Der guckte in seine Blutwerte, die man drei Jahre lang zurückverfolgen konnte, und meinte: „Mist, das hätten wir sehen können.“ Ein Kollege von ihm sagte dann nach dem Ultraschall, dass meine Schilddrüse aber super aussehe – ich fiel erneut in ein tiefes Loch.

Zwei Wochen später erklärte mir eine Internistin jedoch aufgrund der Bilder, dass mein Immunsystem die Schilddrüse schon so gut wie zerstört hätte. Da hatte ich die Diagnose.

Wie geht es Ihnen heute?

Ich kenne meinen Körper inzwischen ganz gut und weiß die Signale zu deuten. Der Körper ist wegen Hashimoto in einigen Jahren in einen schlechten Zustand geraten. Diese Zeit sollte man ihm geduldig geben, damit er sich wieder erholen kann.

Irgendwann haben Sie sich dann entschieden, zu diesem Thema aufzuklären. Sie haben inzwischen erfolgreich zwei Bücher dazu und die Facebook-Seite „Hashimoto Deutschland“ veröffentlicht.

Ich habe mir für Tausende Euro sogar Literatur aus den USA schicken lassen. Einige Ärzte empfehlen ihren Patienten zu Beginn der Behandlung sogar die Bücher von der Blumhagen, damit sie erst mal verstehen, was mit ihrem Körper passiert. Mit dem neuen Wissen können sie adäquat mit ihrem Arzt reden, um endlich richtig behandelt zu werden. Ich bin aber auch von Medizinern angegriffen worden.

Erkrankungen der Schilddrüse sind sehr komplex. Haben Sie hier kein Verständnis für Ärzte?

Nein, gerade weil die Diagnose so einfach zu stellen ist und den Betroffenen so leicht geholfen werden kann. Ich bin inzwischen eine Art Kummerkasten für meine Umgebung. Bekannte schicken mir dann ihre Blutwerte sogar über Whatsapp. Ich lese die, höre, was die Ärzte sagen und denke, das kann doch nicht wahr sein. Einige Mediziner scheinen nach meiner Erfahrung auf dem Stand der 70er Jahre stehen geblieben.

Was würden Sie ganz allgemein Erkrankten raten, die nicht zu Ihrem persönlichen Kummerkasten gehören?

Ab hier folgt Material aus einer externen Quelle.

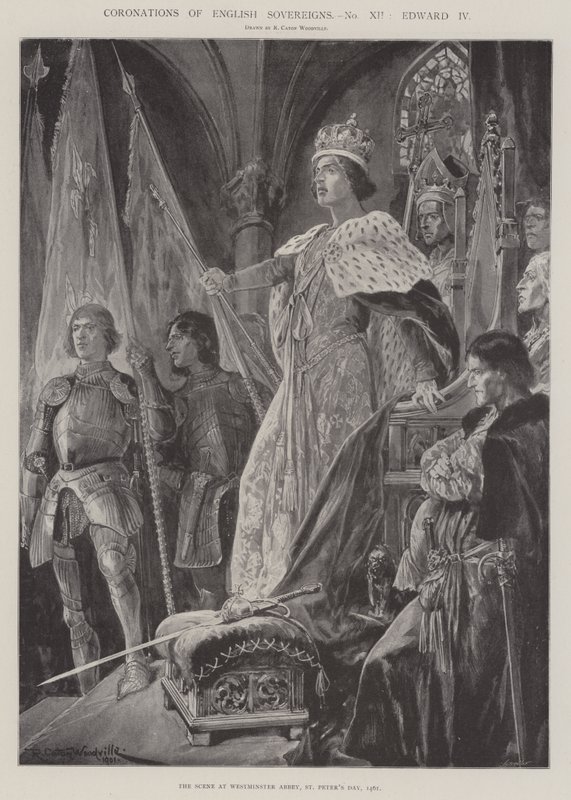 Kröningar av engelska suveräner, Edward IV av Richard Caton Woodville junior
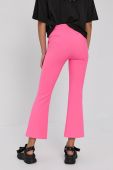 Штани Chiara Ferragni Uniform жіночі колір рожевий широке висока посадка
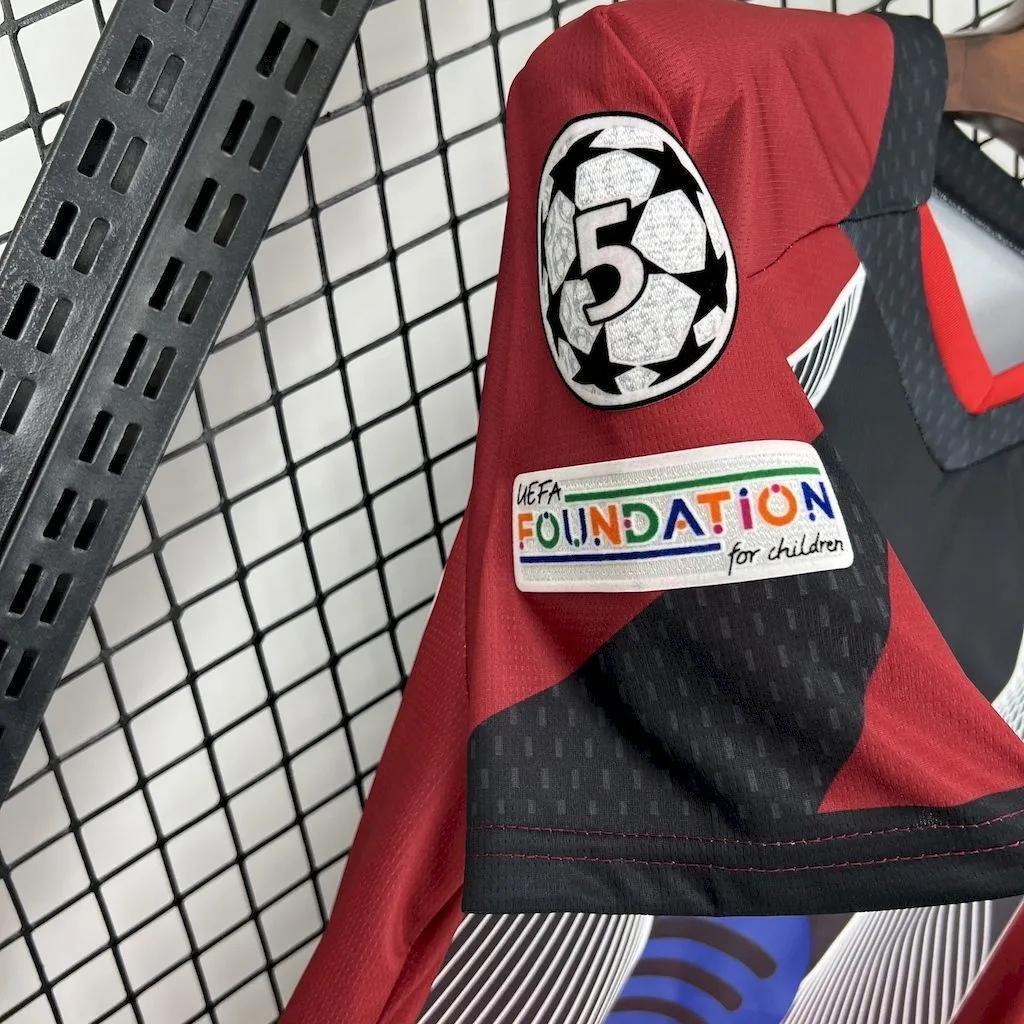 Barcelona 2025/26 Black and red special edition Jersey (With Champions League), foto 3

Jeder muss seine eigenen Baustellen aufdecken und die individuellen Probleme herausfinden. Generell ist bei allen Autoimmunerkrankungen wichtig: Entgiften, entgiften, entgiften. Es gibt einen immensen Anstieg der Betroffenen, weil wir alle täglich mit so vielen Umweltgiften konfrontiert werden. Man kann Hashimoto nicht heilen, aber seinen Verlauf aufhalten. Dann wird die Erkrankung nicht schlimmer oder öffnet womöglich Tür und Tor für andere Autoimmunerkrankungen. Der Körper ist wegen Hashimoto ständig unter Stress und braucht mehr Nährstoffe als ein gesunder. Man muss also regelmäßig zum Arzt gehen und die Werte abfragen. Viele haben Probleme mit dem Darm, wo unser Immunsystem sitzt. Erschöpfte Nebennieren können auch für vermehrte Müdigkeit verantwortlich sein, nicht nur die niedrigen Schilddrüsenwerte.

Welche schöne Lehre ziehen Sie aus den unschönen Erlebnissen mit dieser chronischen Krankheit, die Sie nicht mehr verlässt?

Man muss die Gesundheit und das Wohlbefinden in die eigene Hand nehmen. Es kommt keine Pille von außen und danach ist alles gut. Hilfreich ist, mehr Ehrfurcht vor dem Wunderwerk Körper zu zeigen, der uns trotz Krankheit tagtäglich durch dieses Leben trägt. Selbst wenn es uns mal nicht so toll geht, funktioniert immer noch. Man sollte manchmal dankbarer sein. Dann ist vieles einfacher.